You can use the following code for that
```python
import itertools
all_words = list(itertools.chain.from_iterable(sentences))
```

In [None]:
def extract_token_list(df: pd.DataFrame) -> List[str]:
    # fix me!
    return []

### Q2: How many tokens is the corpus composed of?

## 1 - Words Frequencies

### Q3: Use nltk's FreqDist to display the top 20 and top 40 frequent words in the corpus
https://www.nltk.org/api/nltk.probability.FreqDist.html

### Q4: Display top 20 frequent words for each category separately

### Q5: Word Frequencies Bar Plots

Given an `nltk.FreqDist` object already initialized with a corpus, and thus populated with word frequencies, write a function that receives such an object and an int n, and prints a barplot of the top `n` most frequent words (on the X axis) and their frequencies (Y axis).

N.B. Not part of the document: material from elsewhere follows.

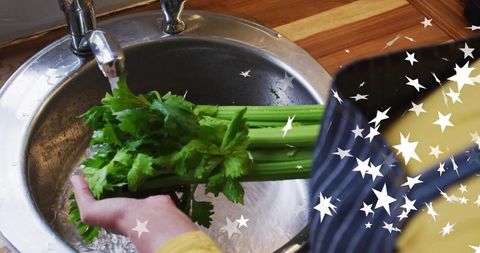 Washing celery under running faucet in kitchen sink with navy apron and star overlay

**HINT: ChatGPT exists, you know...**

## 2 - Word Clouds

In [None]:
!pip install wordcloud
!pip install --upgrade Pillow

In [None]:
from wordcloud import WordCloud
import matplotlib.pyplot as plt

### Q6: Plotting word clouds

Write a function that given a word list prints a word cloud, using the `wordcloud` Python package.
Use it to print a word cloud for each category.

## 3 - Clustering

### Q7: Adapt our preprocessing

Adapt `extract_token_list` into `extract_sentence_list`, returning a list of strings instead, where each sentene is a single string (after stemming, tokenization, stopwords removal, etc.)

### Q8: Focus our problem on Sport vs Politics

Assign the `bidf` variable with a sub-dataframe containing articles from only the `"sport"` and `"politics"` categories.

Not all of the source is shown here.